Tuesday, January 14, 2014

 

Page 3

 

Fourth District Court of Appeal Tosses City’s Sex Offender Ordinance

 

By MICHAEL J. PEIL Staff Writer

 

The Fourth District Court of Appeal ruled yesterday that state law occupies the field of sex offender restrictions, preempting a city ordinance where the restriction was considered a registration requirement and restriction on daily life.

Div. Three, in an opinion by Richard M. Aronson, affirmed the dismissal of a misdemeanor complaint against JeanPierre Cuong Nguyen. He was charged with violating Irvine Municipal Code §4-14-803, requiring that sex offenders obtain written permission from the city’s police chief before entering a city park and recreational facility.

In determining the relevant field for ascertaining whether state law preempted the ordinance, the court concluded that the state has preempted the field of restrictions on a sex offender’s daily life, not just the geographical restrictions of where a sex offender may travel. 

The Legislature, Aronson said, “has enacted a comprehensive statutory scheme regulating the daily life of sex offenders to reduce the risk of an offender committing a new offense…[the statutory scheme] occupies the field and therefore preempts the city’s efforts to restrict sex offenders from visiting city parks and recreational facilities.”

The requirement of written permission, the court held, was a de facto registration mandate. Such a requirement is preempted by state law, especially where the state has long occupied the area of sex offender registration, since 1947, Aronson said.

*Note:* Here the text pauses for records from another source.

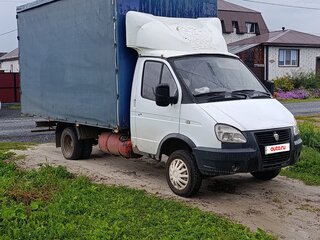 2005 ГАЗ ГАЗель (3302), белый, 480000 рублей, вид 2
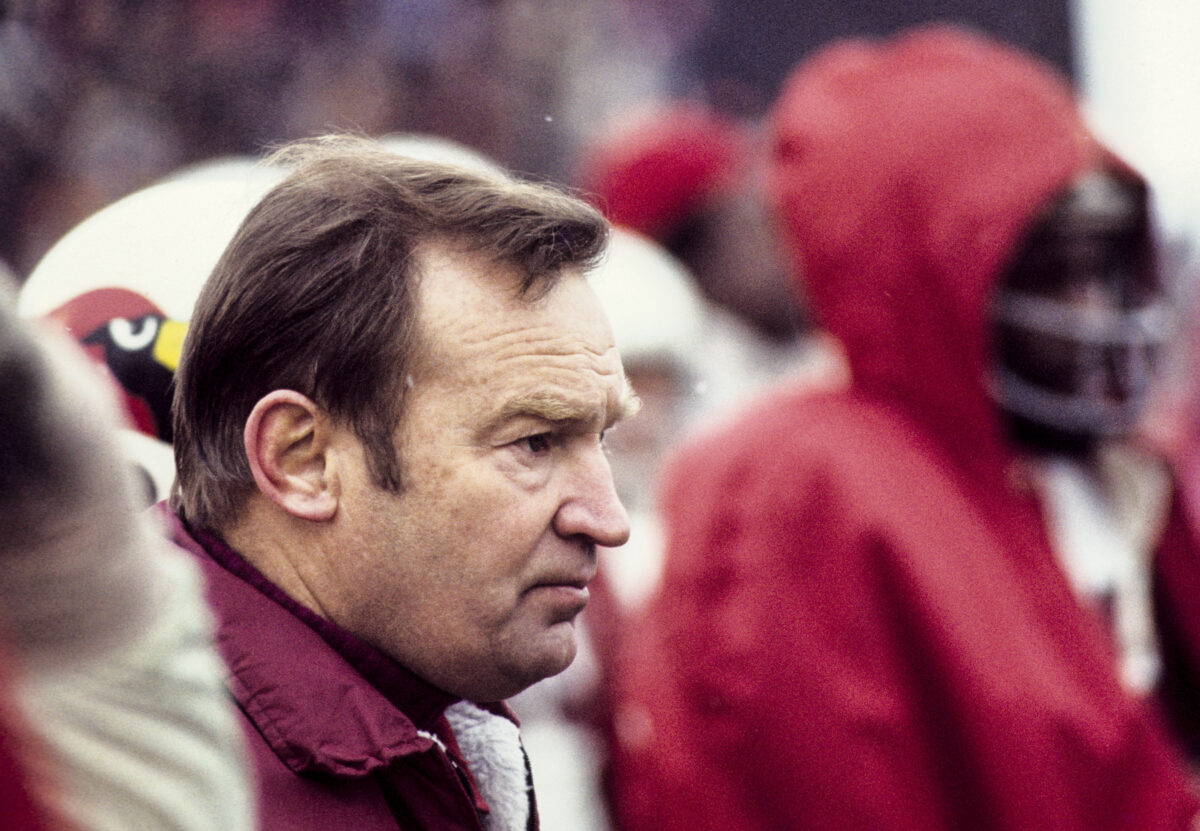 Former Cardinals coach Don Coryell enshrined into Hall of Fame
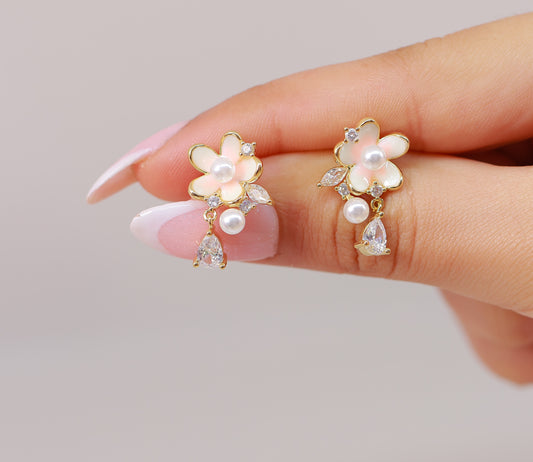 Boucle D'oreille Tulip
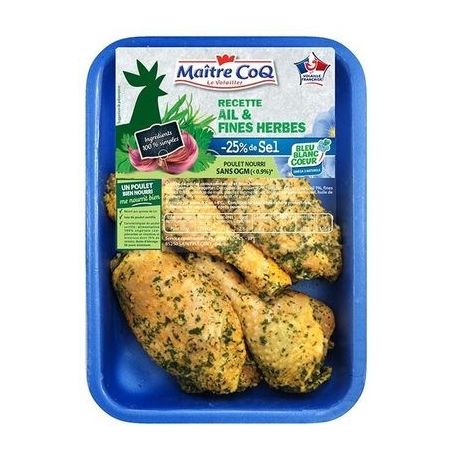 Maitre Coq Kg Cuis.Plt.Bbc Ail&Fine.Herb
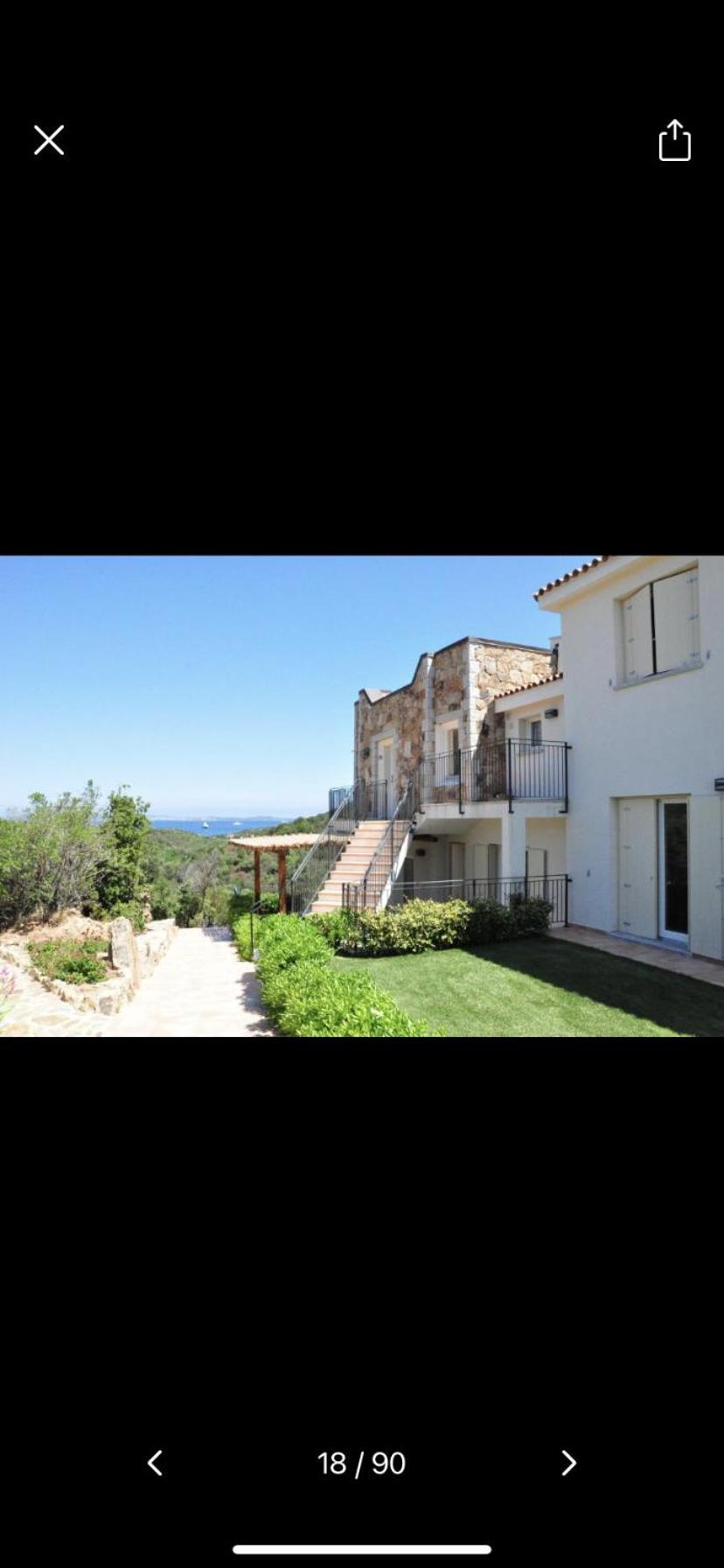 Casa Stella Residence Ea Bianca Байя Сардиния Экстерьер фото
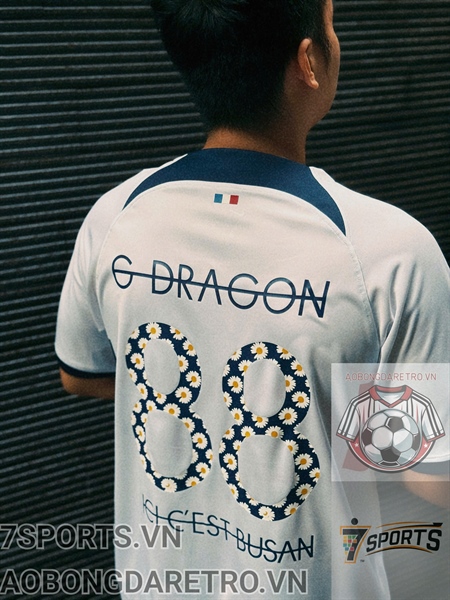 Áo Bóng Đá Retro PSG 2023 - Bản Kỷ Niệm G-Dragon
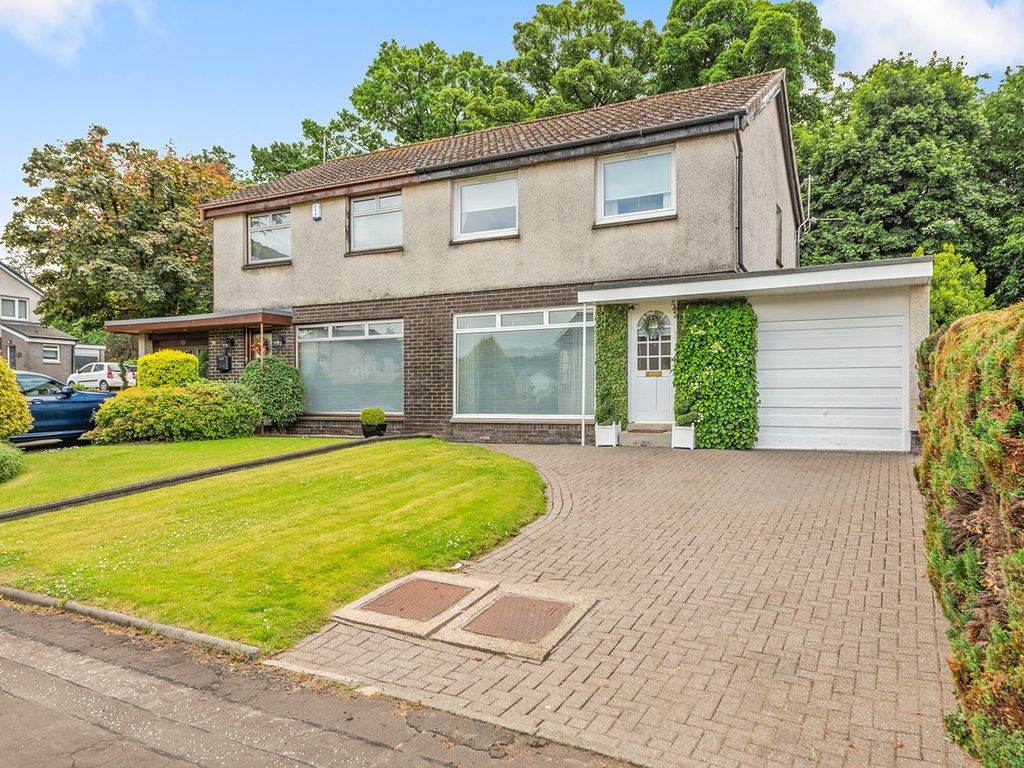 3 bed semidetached house for sale in The Bryony, Tullibody, Alloa FK10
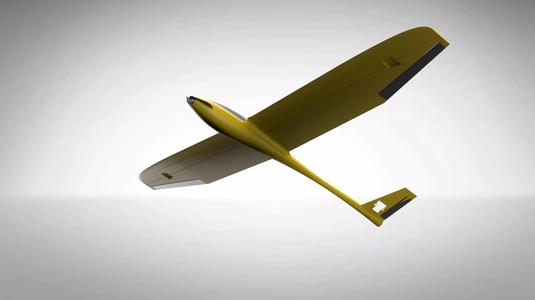 GLIDER RC PLANE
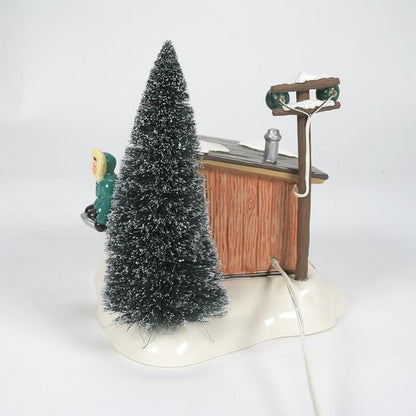Department 56 Griswold Sled Shack | National Lampoon Christmas Vacation Decor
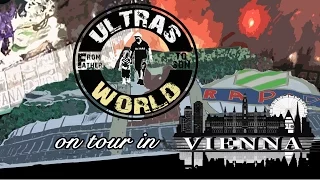 Ultras World on Tour - Rapid Wien vs Austria Wien (23.10.2016)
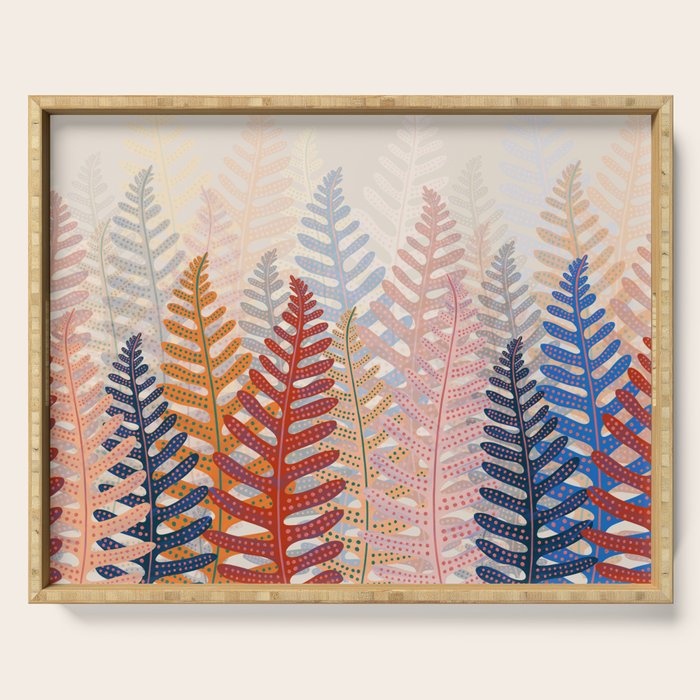 FERNS Serving Tray Gallery Image 1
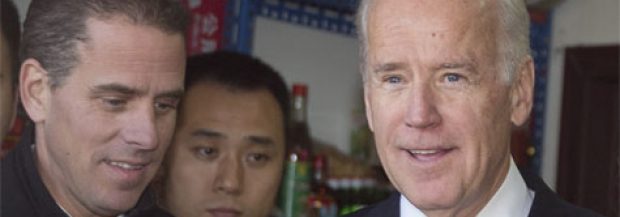 Biden’s Son Kicked Out Of Navy For Using Cocaine
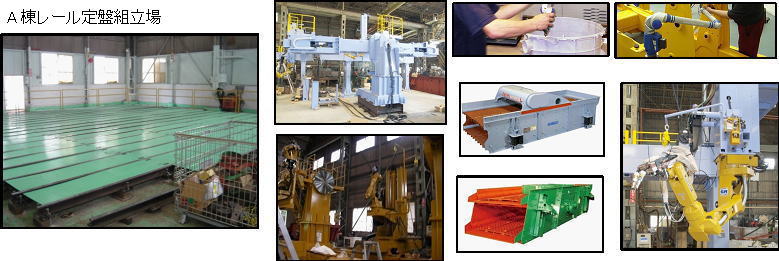 組立用設備各種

The district attorney argued that the whole ordinance need not be invalidated because the written permission requirement could be severed from the rest of the city ordinance. The court disagreed, saying that striking the written permission portion from the ordinance would result in an outright ban on sex offenders’ ability to enter parks or recreational facilities, which was not part of the Legislature’s intent. 

Aronson said:

“An invalid portion of an ordinance is volitionally separable if the remainder of the ordinance reflects a substantial portion of the legislatives body’s purpose in passing the ordinance.  Here, allowing the remainder of Section 4-14-803 to stand as an outright ban on sex offenders entering a city park or recreational facility would go beyond Irvine’s intent.”

A court has does not have the power, Aronson concluded, to sever a portion of a city ordinance where to do so would result in rewriting the ordinance to conform to a presumed intention, substantially altering the meaning of the ordinance as originally enacted.